MATERIAL FOR THE TASK:
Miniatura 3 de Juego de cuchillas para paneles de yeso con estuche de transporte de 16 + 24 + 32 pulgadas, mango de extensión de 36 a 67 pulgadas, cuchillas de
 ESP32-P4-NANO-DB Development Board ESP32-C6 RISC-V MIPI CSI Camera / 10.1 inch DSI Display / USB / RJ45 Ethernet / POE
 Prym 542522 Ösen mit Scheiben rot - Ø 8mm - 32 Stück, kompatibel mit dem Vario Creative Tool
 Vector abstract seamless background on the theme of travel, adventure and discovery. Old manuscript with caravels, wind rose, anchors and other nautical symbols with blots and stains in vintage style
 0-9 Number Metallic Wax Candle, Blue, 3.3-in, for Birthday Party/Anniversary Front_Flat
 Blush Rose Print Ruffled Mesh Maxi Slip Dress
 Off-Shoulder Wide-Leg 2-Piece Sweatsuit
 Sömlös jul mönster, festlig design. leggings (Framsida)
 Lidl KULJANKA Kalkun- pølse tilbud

PROBLEM TO WORK ON: The reply should consist solely of the lines of the data, exact, from the opening line through the line with "Sömlös jul mönster, festlig", inclusive.

EXPECTED ANSWER:
Miniatura 3 de Juego de cuchillas para paneles de yeso con estuche de transporte de 16 + 24 + 32 pulgadas, mango de extensión de 36 a 67 pulgadas, cuchillas de
 ESP32-P4-NANO-DB Development Board ESP32-C6 RISC-V MIPI CSI Camera / 10.1 inch DSI Display / USB / RJ45 Ethernet / POE
 Prym 542522 Ösen mit Scheiben rot - Ø 8mm - 32 Stück, kompatibel mit dem Vario Creative Tool
 Vector abstract seamless background on the theme of travel, adventure and discovery. Old manuscript with caravels, wind rose, anchors and other nautical symbols with blots and stains in vintage style
 0-9 Number Metallic Wax Candle, Blue, 3.3-in, for Birthday Party/Anniversary Front_Flat
 Blush Rose Print Ruffled Mesh Maxi Slip Dress
 Off-Shoulder Wide-Leg 2-Piece Sweatsuit
 Sömlös jul mönster, festlig design. leggings (Framsida)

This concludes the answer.